Anécdotas de Alekhine


En el colegio

"Alekhine estaba tan absorto con el ajedrez que durante las clases, según uno de sus compañeros, solía "desconectarse de su entorno y llegaba a no saber ni dónde estaba". En una ocasión, durante un ejercicio de álgebra, de repente levantó la cabeza, mirando en torno con unos ojos brillantes, y apartando, en un gesto característico, un mechón de pelo con la mano izquierda. "Bien, Alekhine, ¿lo ha resuelto usted?" "Sí... ¡sacrifico el caballo y las blancas ganan!" La clase, como puede imaginarse, explotó en risas."

(Garri Kasparov, "Mis Geniales Predecesores, Volumen I)

 


Lesionado en una pierna

"Durante el torneo de Hamburgo de 1910, al joven Alekhine le ocurrió un percance curioso. Se había lesionado una pierna y los organizadores tuvieron que llevarle todos los días hasta la mesa donde jugaba. Sin embargo, al finalizar el torneo, el resultado demostró que habría que hacer lo mismo con los adversarios de Alekhine..."

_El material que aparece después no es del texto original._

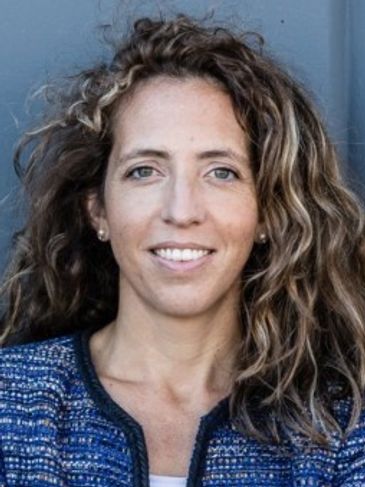 Smiling woman with curly hair and blue jacket.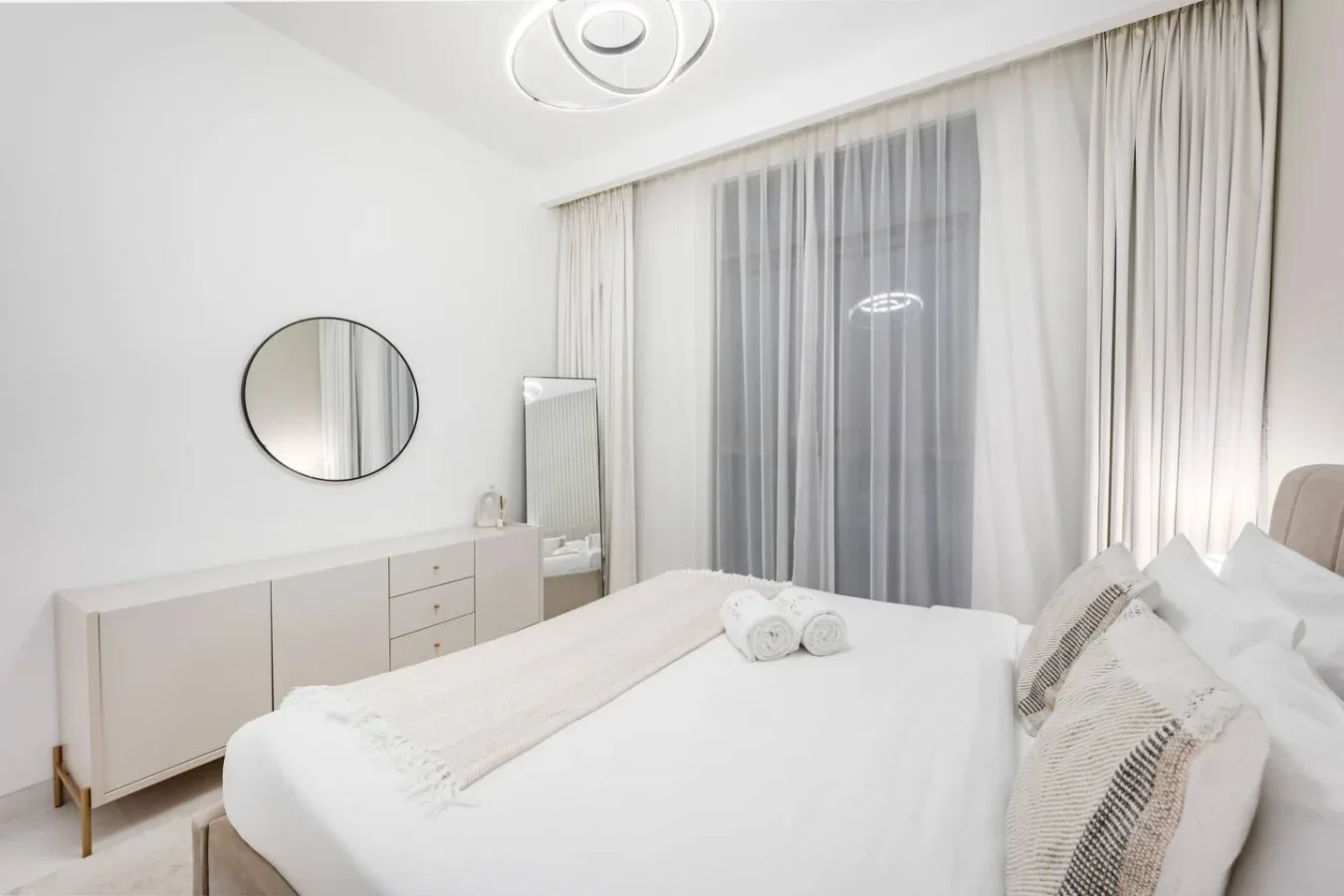 Un dormitorio luminoso con cama, cómoda y cortinas que cubren una ventana grande.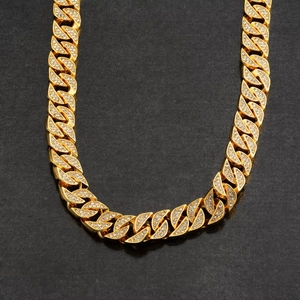 Collier hip-hop doré avec gros maillons pavés de cristaux brillants sur fond noir élégant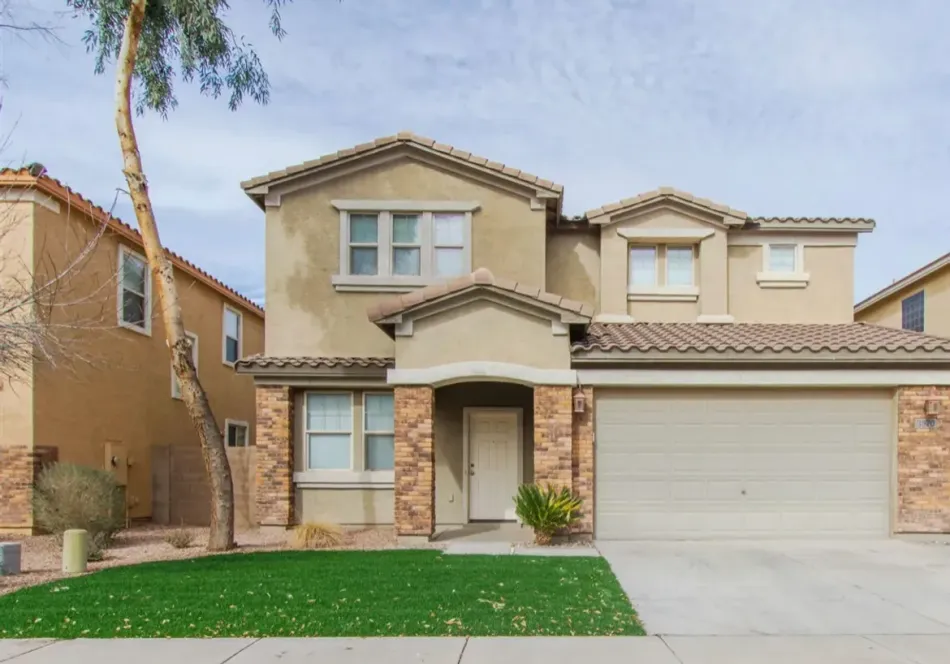 Two-story beige suburban house with a double garage, front lawn, and driveway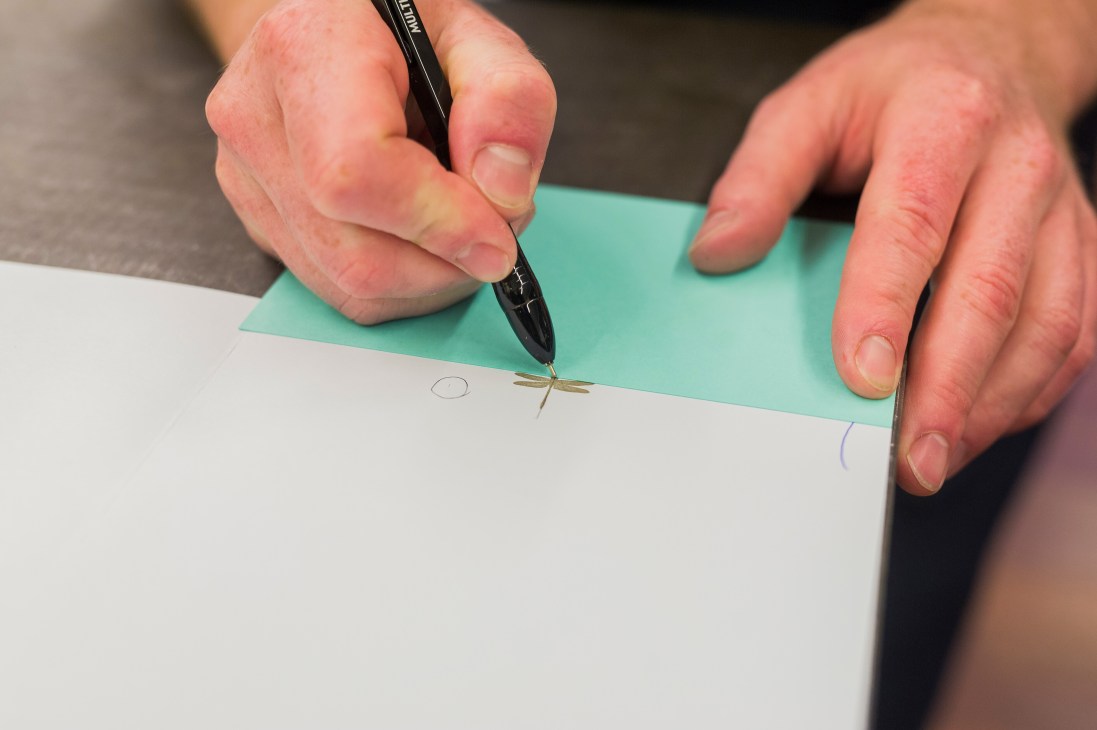 A person uses a thin tool to adjust printed details on white and turquoise paper sheets.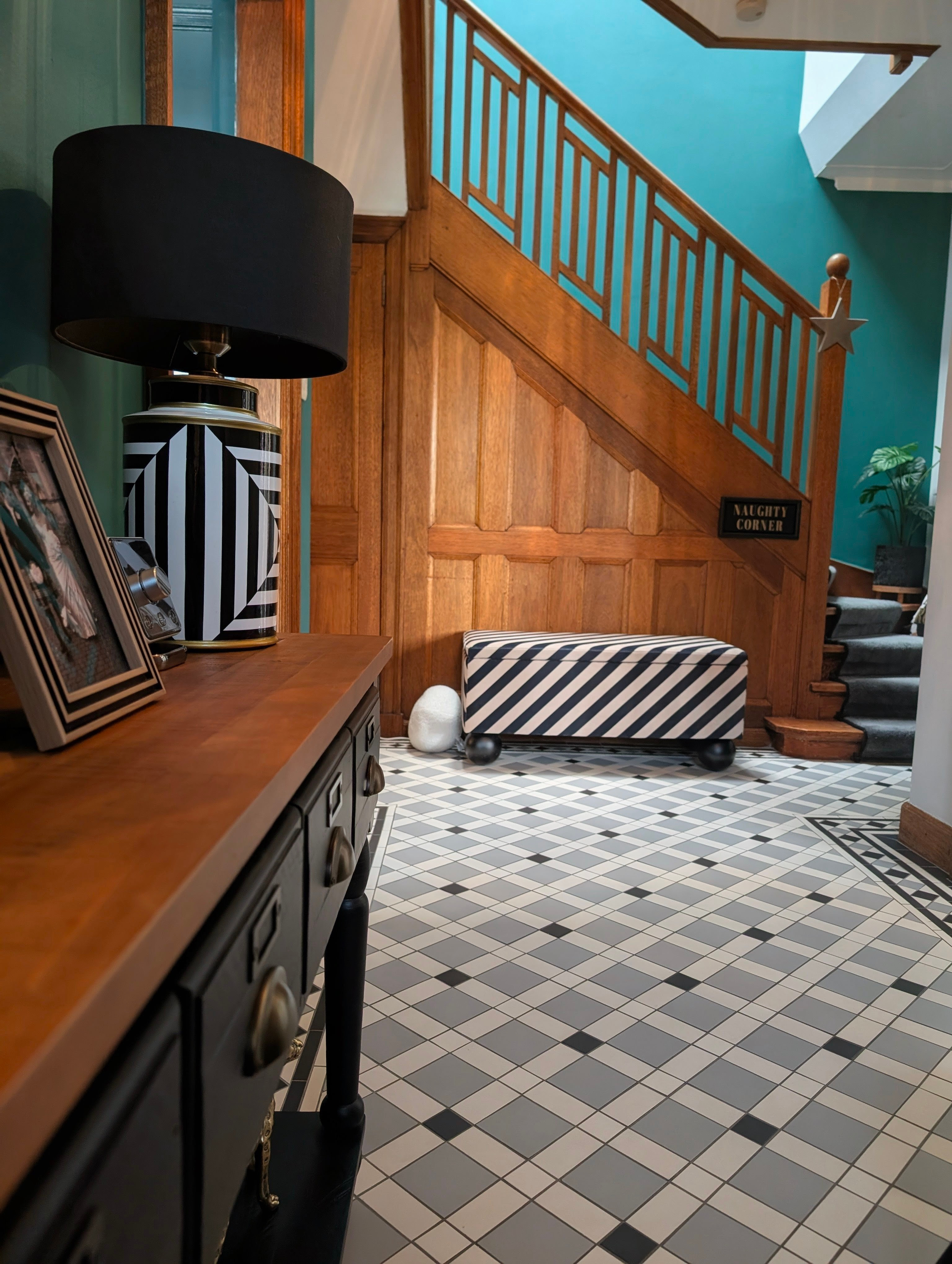 Interior view of a room with a black and white striped table, a wooden cabinet, a black lamp with a shade, framed photos or artwork, a small decorative object, and a patterned floor. A staircase with wooden railing leads upstairs, with a sign reading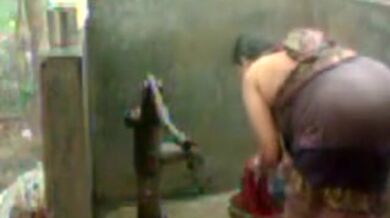 big beautiful woman indian bhabhi taking shower from pump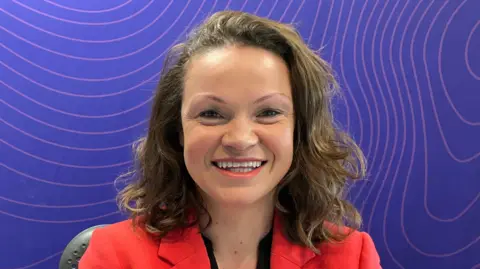 BBC A woman with brown hair. She is standing smiling at the camera. She is stood in front of a purple wall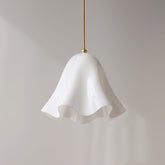 White glass skirt pendant light close up
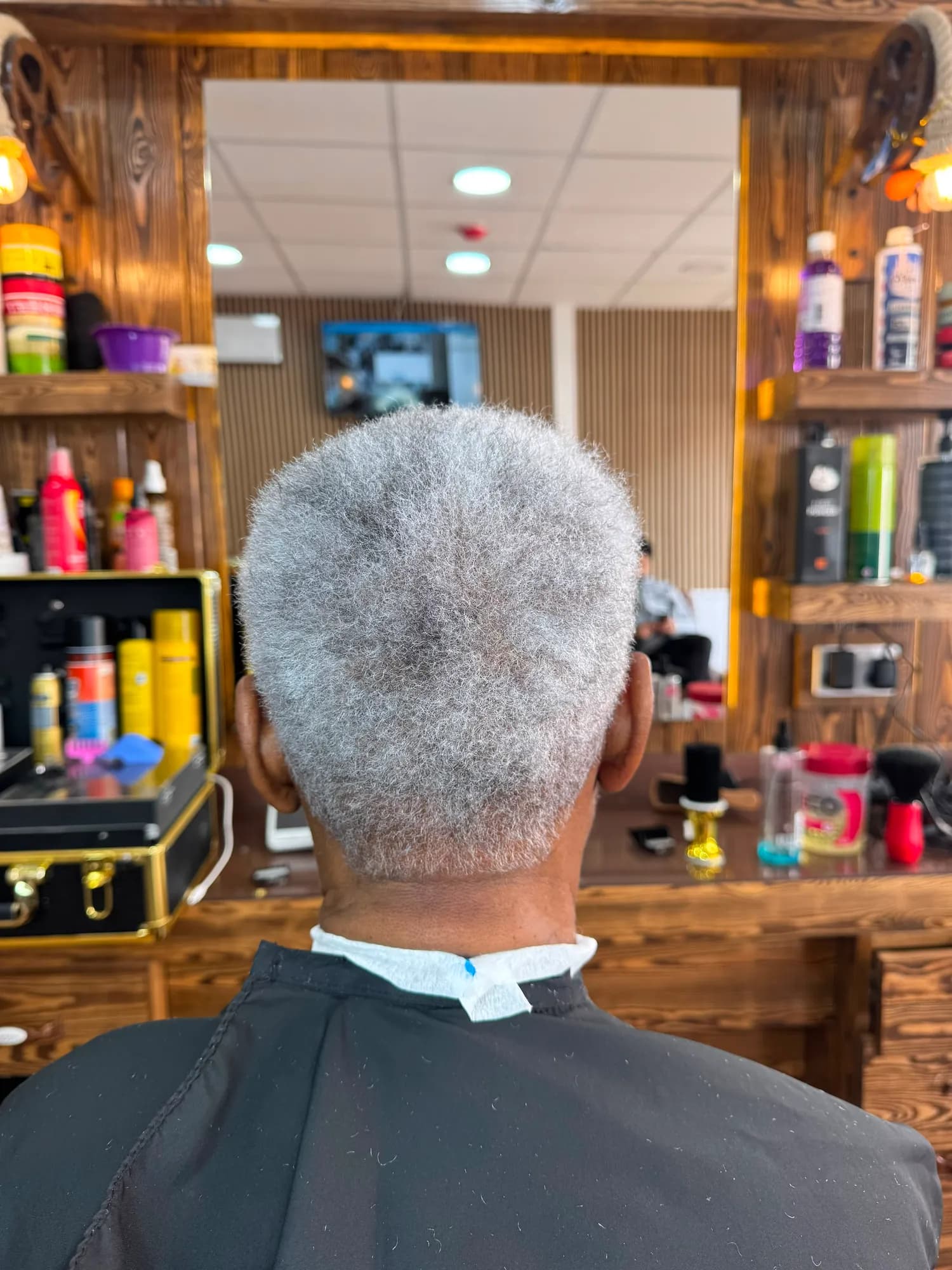 Silver afro cut, back view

(Dimitrije Bjelica, "Reyes del ajedrez: Alexander Alekhine")


La partida con Trostky

"1917. Horror revolucionario. Alekhine pierde su cuantiosa fortuna, sufriendo además amarguras y calamidades sin cuento al ser conducido como rehén por los cabecillas bolcheviques e internado en una cheka de Odessa. Ello ocurrió así. Habiendo servido como capitán en el ejército del Zar, se encontraba Alekhine en Rusia cuando estalló la revolución roja. Debía huir, pero atravesar la frontera se presentaba imposible. Alguien, empero, le informó que de Odessa partían algunos navíos que embarcaban prófugos en dirección a la costa rumana o búlgara. Se trataba de la única vía de salvación y por ella se decidió, alcanzando el importante puerto del Mar Negro después de algunas jornadas azarosas. Por desgracia, un día, cerca del puerto, fue reconocido por un soldado que lo denunció a una patrulla de la cheka, siendo inmediatamente detenido y encarcelado en una miserable celda de la cárcel militar.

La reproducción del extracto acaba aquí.